1. **Alert suppression** — notification policies are bypassed and no channels fire (when `suppressAlerts` is true, the default).
2. **Severity tagging** — any incident that opens during the window is created at severity `MAINTENANCE` instead of `DOWN` or `DEGRADED`.
3. **Monitoring continues** — checks still run, results are still recorded, and the timeline still tells the truth. Suppression silences the noise; it does not pause the data.

When the window ends — or you cancel it — alerting resumes immediately on the next failed check.

## Surface support (v1)

Maintenance windows are imperative state. They live behind the surfaces that operate on state — not the ones that describe infrastructure.

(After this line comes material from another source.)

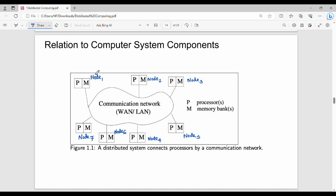The main point is that every node or every system has a processor and its own memory — this point is very important. If node one wants to talk to node four, any information that has to be transferred from one node to another is done through message passing via the communication network.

| Surface                                                | Supports maintenance windows? | Why                                                                                   |
| ------------------------------------------------------ | ----------------------------- | ------------------------------------------------------------------------------------- |
| REST API (`/api/v1/maintenance-windows`)               | Yes                           | Source of truth                                                                       |
| Dashboard UI                                           | Yes                           | Schedule from the monitor or org-wide                                                 |
| CLI imperative (`devhelm maintenance-windows ...`)     | Yes                           | Same as `devhelm incidents create` — a state operation                                |
| Python SDK (`client.maintenance_windows`)              | Yes                           | Same as `client.incidents`                                                            |
| JS / TS SDK (`client.maintenanceWindows`)              | Yes                           | Same as `client.incidents`                                                            |
| MCP server tools (`create_maintenance_window`, …)      | Yes                           | AI agents schedule them around deploys                                                |
| **Terraform provider**                                 | **No (intentional)**          | Windows are state, not infrastructure                                                 |
| **CLI declarative (`devhelm.yml` + `devhelm deploy`)** | **No (intentional)**          | Same — `devhelm.yml` describes monitors and channels, not transient operational state |

### Why not Terraform? Why not `devhelm.yml`?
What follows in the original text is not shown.